Pendant la journée, il s’enfermait avec Brion dans une chambre pour travailler sur le projet de The Third Mind *. Ils installaient le matériau sur la table et Brion utilisait son rouleau pour tracer une grille. Burroughs commençait à travailler tôt car, comme il buvait énormément, surtout du bourbon, il allait se coucher tôt. A neuf heures, précises il était habillé de pied en cape et il allait dans la chambre de Brion. A l’inverse, ce dernier se couchait plutôt tard. Nous buvions nous aussi du bourbon, nous fumions des cigarettes joints, nous prenions des poppers et nous faisions l’amour. Impossible de nous lever avant dix heures du matin ! Nous avions une terrible gueule bois. Et cela rendait William furieux. Tout ce que j’ai observé alors, c’est qu’ils étaient très en avance dans leur façon d’utiliser les collages et toutes les autres techniques d’écriture. C’était d’une grande fraîcheur d’inspiration. Brion exultait car ils obtenaient des résultats qui le remplissaient de joie. Ils travaillaient tous les jours (peut-être pas le dimanche, et encore !)
Je dois avouer que j’étais très impressionné, même un peu effrayé par ces deux personnages.

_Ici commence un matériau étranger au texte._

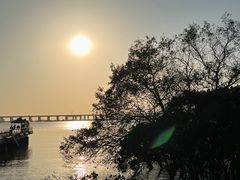 -宝安西湾红树林湿地公园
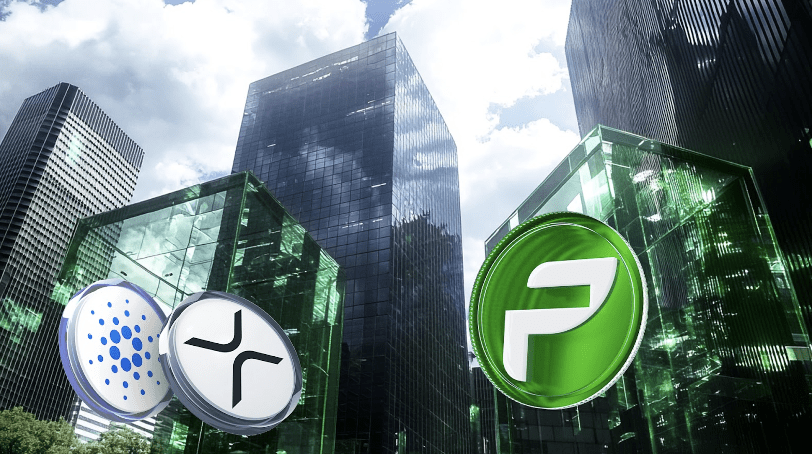 Smart Money Bets Big on PCHAIN, Cardano, and XRP to Secure Millions in Profits for Their Portfolio by Q1 2025 Smart Money Bets Big on PCHAIN, Cardano, and XRP to Secure Millions in Profits for Their Portfolio by Q1 2025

Je n’avais même trente ans à l’époque. Ce n’était pas comme maintenant où les gamins ont pris toutes les drogues ce qu’il est possible d’ingurgiter à quinze ans. Au milieu des années soixante, vous deviez tout découvrir par vous-même. Ensuite, sous l’influence de William et de Brion, je suis devenu très engagé politiquement et même très radical. Après tout le temps que j’avais passé à la Factory avec Andy Warhol, j’ai pris conscience de la réalité de la guerre au Vietnam et de toutes autres questions sérieuses que j’ai découvertes dans les livres de William et dans les films, comme Towers Open Fire.